The relatively small size of its hedge fund industry -- assets under management of $47.3 billion pale in comparison to $1.6 trillion in North America and $462.7 billion in Europe -- may also mean investors in the more petite funds are more comfortable with risk versus their peers, often venerable pension and sovereign wealth funds that demand lower volatility even if that means less profit.
“There’s a lot of money coming in -- money that’s willing to take more risks,” said Johan Sulaeman, who teaches finance and investing at the NUS Business School in Singapore.
Chong’s Vanda is a poster child of this phenomenon.
His storied rivals would have teams of portfolio managers, squads of analysts and a small army of interns. Chong, 46, trades from a plain desk in his home office with a laptop and an extra monitor. While some quants have supercomputers, his model is built on an Excel spreadsheet that crunches data supplied by a Bloomberg terminal.
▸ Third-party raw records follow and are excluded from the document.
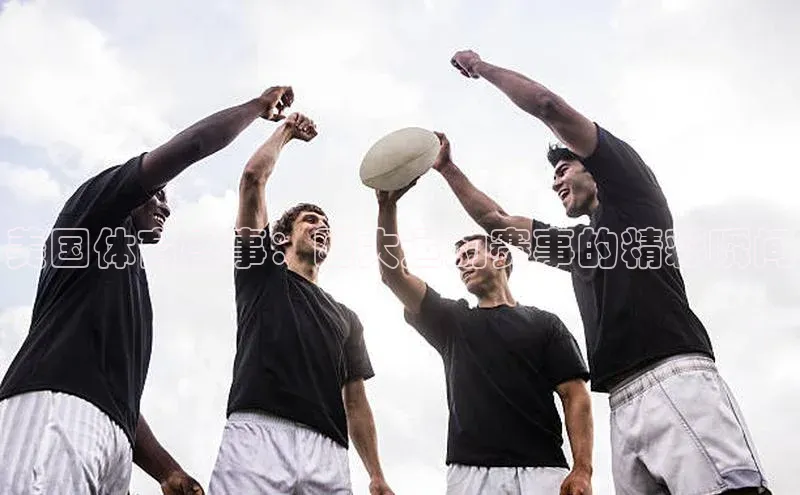 尊龙凯时人生就是搏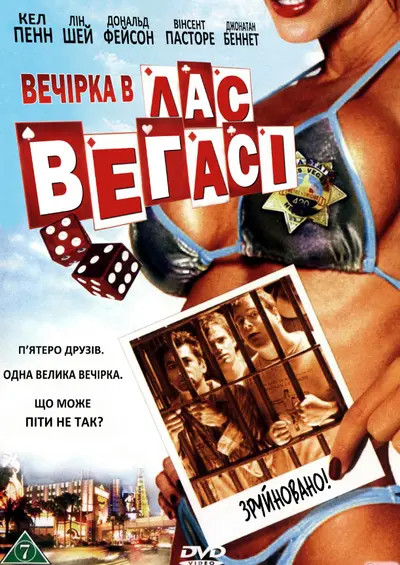 Парубоча вечірка у Лас Вегасі / Вечірка в Лас Вегасі (2006) - постер фільму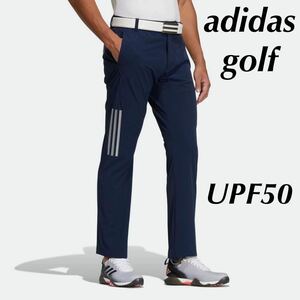 W88cm 新品定価13200円/アディダス adidas ゴルフ サイドシームレスパンツ /ストレッチロングパンツ/ゴルフパンツ/ネイビー/紺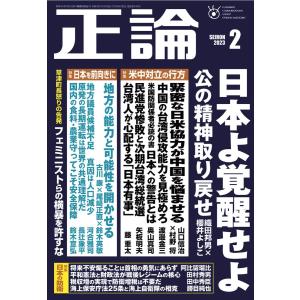 正論 2023年2月号 電子書籍版 / 正論編集部｜ebookjapan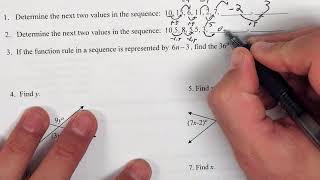 2017U3 #2 Inductive Reasoning with Number Patterns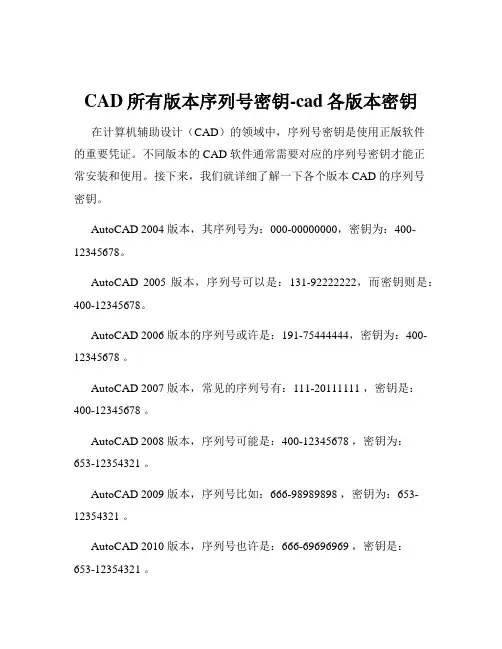 CAD所有版本序列号密钥-cad各版本密钥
“If you spend too much money in terms of infrastructure and rent, it’ll eat into your returns,” Chong said in an interview in a nearby cafe. “I only have two eyes, right, so how many screens can I look at?”
Even though his fund’s annualized volatility is a whopping 72% -- it returned 260% in 2017 only to plunge 49% the following year -- early backers have remained loyal. Vanda’s annualized returns are 39% and Chong now manages $222 million. He’s been taking steps to reduce volatility, to 40%, while still aiming to generate growth in excess of 30% a year.
It’s not just minnows that are taking risks.
Singapore’s Quantedge Capital Pte, whose 63.1% return this year makes it one of the world’s best quant funds, manages over $2.1 billion and has almost 70 staff and more than 600 clients. It targets annualized volatility of about 30%, far higher than what many larger funds with institutional investors are willing to stomach.
School of Thought
The second thesis is that the relative illiquidity of Singapore’s stock exchange and lack of natural resources have combined with its high-pressure education system to produce smart, data-driven graduates who think globally. Almost half the country’s hedge funds have a global geographic mandate.